By Sarah Currie, MS RD, USAT Level 1

 

What zone am I in? What’s my cadence? How many calories have I burned so far? I bet I can catch that cyclist in front of me. OH WAIT, I’m not wearing my heart rate monitor! Slight panic sets in before a headwind blast off the Hudson snaps me out of it. Tri season is over. I’m not supposed to be “training.” My therapist said I need to practice simply enjoying my occasional ride to work. Appreciate the views along the Westside highway, gaze at the changing leaves in Riverside Park, ride around the pedestrians with patience rather than anger. OK, I’m not REALLY in therapy for my type-A, rigid, all-or-nothing personality, but I’m sure many of you can relate. Now that we are entering winter, especially in the Northeast, what is your off-season plan going to be?

 

First, review and reflect on this past season. Did you achieve your goals? Are you already itching to start training for next year or are you burned out? Are you injured? These are a few questions to ask yourself when devising your off-season plan. Second, set new goals for next season. Did you lose weight and want to keep it off? Does your swim technique need improving? Can your grandmother bench more than you? Do you need more power on the bike? Third, figure out how to achieve those goals. Should you sign up for a technique class? Should you hit the weight room? Should you hire a Dietitian to help you keep the weight off?
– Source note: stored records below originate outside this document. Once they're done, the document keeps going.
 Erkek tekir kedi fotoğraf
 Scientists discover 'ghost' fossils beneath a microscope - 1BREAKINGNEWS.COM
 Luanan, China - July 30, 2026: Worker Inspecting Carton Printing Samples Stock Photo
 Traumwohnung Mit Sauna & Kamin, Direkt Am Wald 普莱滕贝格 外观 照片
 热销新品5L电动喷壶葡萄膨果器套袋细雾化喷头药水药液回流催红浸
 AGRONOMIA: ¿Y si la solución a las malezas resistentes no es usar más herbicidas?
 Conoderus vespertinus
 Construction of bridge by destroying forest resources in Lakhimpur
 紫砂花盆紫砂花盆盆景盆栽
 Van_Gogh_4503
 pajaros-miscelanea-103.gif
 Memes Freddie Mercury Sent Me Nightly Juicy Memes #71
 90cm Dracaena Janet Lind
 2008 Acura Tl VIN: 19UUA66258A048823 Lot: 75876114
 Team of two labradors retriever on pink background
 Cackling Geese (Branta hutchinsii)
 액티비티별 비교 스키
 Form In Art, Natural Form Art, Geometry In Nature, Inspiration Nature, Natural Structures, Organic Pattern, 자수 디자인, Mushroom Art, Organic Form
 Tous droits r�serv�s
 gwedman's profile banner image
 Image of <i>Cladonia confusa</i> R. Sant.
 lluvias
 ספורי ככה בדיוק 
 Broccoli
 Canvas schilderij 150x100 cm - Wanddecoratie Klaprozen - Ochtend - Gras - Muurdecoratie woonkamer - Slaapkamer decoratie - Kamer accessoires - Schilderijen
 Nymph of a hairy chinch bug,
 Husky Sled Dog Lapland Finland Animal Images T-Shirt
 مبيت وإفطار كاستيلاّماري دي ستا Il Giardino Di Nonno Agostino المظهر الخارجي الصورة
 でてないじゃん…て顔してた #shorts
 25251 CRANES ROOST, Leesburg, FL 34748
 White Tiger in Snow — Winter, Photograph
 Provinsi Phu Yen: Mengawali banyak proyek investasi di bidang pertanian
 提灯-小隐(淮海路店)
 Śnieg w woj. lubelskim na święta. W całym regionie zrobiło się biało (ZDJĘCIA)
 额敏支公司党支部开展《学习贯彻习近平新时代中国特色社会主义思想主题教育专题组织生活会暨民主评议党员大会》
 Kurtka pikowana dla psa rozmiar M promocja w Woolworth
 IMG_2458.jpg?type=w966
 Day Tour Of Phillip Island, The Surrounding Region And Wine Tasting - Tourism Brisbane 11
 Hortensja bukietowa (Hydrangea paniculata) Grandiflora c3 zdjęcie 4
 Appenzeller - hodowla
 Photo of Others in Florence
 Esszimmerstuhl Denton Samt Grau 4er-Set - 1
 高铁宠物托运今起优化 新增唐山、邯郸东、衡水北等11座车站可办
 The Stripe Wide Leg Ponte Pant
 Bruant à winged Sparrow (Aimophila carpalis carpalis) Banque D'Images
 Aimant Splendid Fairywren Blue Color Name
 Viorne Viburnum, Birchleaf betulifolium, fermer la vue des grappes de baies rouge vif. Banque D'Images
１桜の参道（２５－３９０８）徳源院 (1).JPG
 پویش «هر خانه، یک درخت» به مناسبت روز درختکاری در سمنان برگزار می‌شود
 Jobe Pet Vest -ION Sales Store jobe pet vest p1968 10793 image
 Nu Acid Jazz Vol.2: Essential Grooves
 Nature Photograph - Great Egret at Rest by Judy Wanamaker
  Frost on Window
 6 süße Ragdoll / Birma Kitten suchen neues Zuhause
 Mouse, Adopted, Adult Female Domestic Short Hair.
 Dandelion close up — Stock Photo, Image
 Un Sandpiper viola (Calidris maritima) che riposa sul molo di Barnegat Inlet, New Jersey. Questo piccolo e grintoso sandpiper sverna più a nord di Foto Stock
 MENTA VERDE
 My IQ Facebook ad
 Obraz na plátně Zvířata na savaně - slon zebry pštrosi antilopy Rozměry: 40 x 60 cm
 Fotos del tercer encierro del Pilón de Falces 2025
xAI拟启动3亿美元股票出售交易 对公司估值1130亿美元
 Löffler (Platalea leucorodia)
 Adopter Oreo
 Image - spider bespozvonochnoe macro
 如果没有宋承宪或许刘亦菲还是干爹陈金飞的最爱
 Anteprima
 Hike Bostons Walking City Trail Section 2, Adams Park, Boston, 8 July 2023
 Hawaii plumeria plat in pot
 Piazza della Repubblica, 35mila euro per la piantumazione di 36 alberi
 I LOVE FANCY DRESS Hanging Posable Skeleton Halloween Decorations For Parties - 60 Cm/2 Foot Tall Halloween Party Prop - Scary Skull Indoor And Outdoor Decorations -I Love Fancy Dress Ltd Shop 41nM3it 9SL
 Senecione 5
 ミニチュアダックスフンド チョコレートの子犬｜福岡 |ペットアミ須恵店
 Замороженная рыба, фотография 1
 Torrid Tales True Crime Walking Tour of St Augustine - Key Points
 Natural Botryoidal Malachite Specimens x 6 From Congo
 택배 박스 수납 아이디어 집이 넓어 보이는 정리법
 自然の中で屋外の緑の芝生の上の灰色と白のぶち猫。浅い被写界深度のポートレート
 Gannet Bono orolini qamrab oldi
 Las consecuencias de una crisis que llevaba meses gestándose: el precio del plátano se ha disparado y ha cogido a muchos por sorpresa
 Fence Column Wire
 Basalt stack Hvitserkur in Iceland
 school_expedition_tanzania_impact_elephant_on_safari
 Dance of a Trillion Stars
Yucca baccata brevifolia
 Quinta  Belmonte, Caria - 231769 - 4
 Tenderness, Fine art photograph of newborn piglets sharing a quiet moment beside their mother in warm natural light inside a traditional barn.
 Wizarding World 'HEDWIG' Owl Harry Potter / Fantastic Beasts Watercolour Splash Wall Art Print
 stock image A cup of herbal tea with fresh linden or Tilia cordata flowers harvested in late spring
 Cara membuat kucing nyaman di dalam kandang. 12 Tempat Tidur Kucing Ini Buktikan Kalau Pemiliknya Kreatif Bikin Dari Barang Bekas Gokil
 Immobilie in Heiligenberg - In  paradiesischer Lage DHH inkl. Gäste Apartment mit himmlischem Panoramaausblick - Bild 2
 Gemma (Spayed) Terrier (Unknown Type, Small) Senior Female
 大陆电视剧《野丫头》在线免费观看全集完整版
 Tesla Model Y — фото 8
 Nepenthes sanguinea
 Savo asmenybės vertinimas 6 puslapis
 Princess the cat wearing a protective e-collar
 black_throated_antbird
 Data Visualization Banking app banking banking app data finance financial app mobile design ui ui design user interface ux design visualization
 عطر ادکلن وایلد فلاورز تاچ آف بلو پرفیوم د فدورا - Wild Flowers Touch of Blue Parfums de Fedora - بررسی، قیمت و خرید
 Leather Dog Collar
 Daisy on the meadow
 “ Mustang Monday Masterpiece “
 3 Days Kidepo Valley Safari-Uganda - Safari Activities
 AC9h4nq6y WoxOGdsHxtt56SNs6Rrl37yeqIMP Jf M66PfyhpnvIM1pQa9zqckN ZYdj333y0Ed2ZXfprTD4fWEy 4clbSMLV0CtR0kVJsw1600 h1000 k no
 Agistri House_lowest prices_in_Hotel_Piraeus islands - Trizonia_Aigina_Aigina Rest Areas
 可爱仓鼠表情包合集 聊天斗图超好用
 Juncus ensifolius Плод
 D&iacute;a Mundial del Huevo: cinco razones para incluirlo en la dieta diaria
Whatever your goals and plan may be, consider the following.

 

Take a break, mentally and physically. Go ahead, be crazy and stay up past 10pm on a Friday or Saturday night! Call your non-triathlon friends whom you’ve ignored the last six months. Go running without a pre-planned distance or pace.

 
Nutrition - Now that your training has decreased, be mindful of what goes in your mouth. You probably don’t need to be eating like you’re in-season. Cut back on portion sizes. Ditch the gels, bars and sports drink. A plain yogurt plus a piece of fruit is fewer calories than a bar and is more filling.
Balance your body - Strengthen your weak areas and stretch your tight areas. Do yoga, Pliates, gyrotonics or lift weights. Move laterally by playing basketball or tennis. Sign up for a dance class.
Take care of injuries - Rest, physical therapy, massage, and body balancing tactics may not be enough. Look into Active Release Technique (ART), Rolfing, or acupuncture if you have some stubborn sore spots.

 

As you plan your off-season, build on last year. Set achievable goals. They don’t have to be extreme. If you haven’t lifted a weight in months, start with one full-body session a week. That will be more than you were doing before!